Not to mention the fact that Thom, its "inventor", sort of drifted away from math and spent the last 20 years of his life re-evaluatiing Aristotelian philosophy.
marellasunny
#8
Feb2-13, 10:25 PM
P: 234
Quote Quote by AlephZero View Post
I think catastrophe theory has become a sub-topic of the more general study of bifurcations in nonlinear systems.

Not to mention the fact that Thom, its "inventor", sort of drifted away from math and spent the last 20 years of his life re-evaluatiing Aristotelian philosophy.
Sorry if I am dragging the post,but I would really like to know if catastrophe theory is a speculative theory or has anyone of its models been proved realistic?Take for example the boat floating on water with a certain dead weight and live weight(humans).If there is excess movement,the boat would flip to its other stable state and back again provided there exists some force(don't know if i can call it hysteresis) .Wouldn't this also come under catastrophe theory?(with weights and buoyancy as the parameters and boat displacement and wave velocity as variables).??

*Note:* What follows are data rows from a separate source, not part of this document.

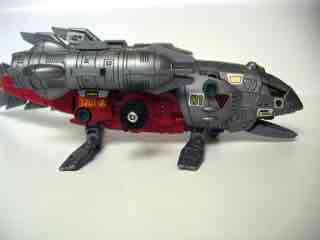 Tomy Zoids Wardick Action Figure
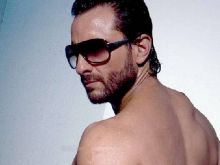 Saif Ali Khan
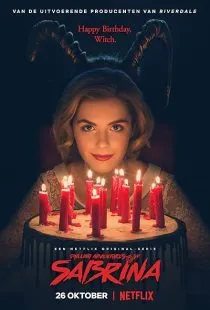سریال Chilling Adventures of Sabrina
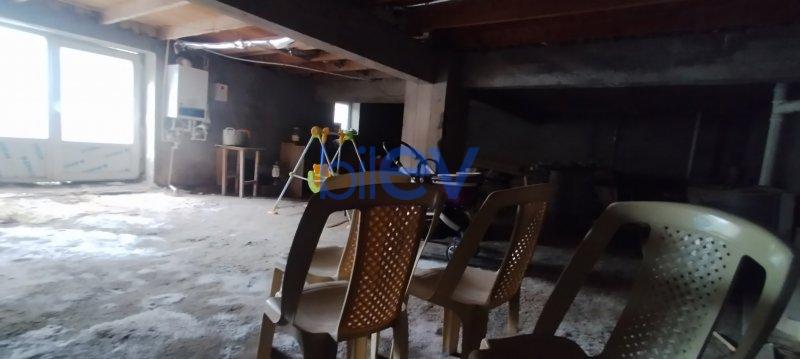Satış 5 otaqlı Həyət evi  240m², Bakı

Or take for example an ecosystem flipping between states due to human interventions like forest fires or shooting down deer ...etcetc

If catastrophe theory is really used to descirbe such realistic systems,why has it fallen out-of-place?(besides Thom shifting interests :p).
Number Nine
#9
Feb3-13, 01:12 PM
P: 772
Sorry if I am dragging the post,but I would really like to know if catastrophe theory is a speculative theory or has anyone of its models been proved realistic?
I'm not sure what "speculative" is supposed to mean here; a catastrophe is something that happens in certain dynamical systems. It happens; there's no debate over whether or not it happens. If you're asking for applications, then a wiki search will provide several.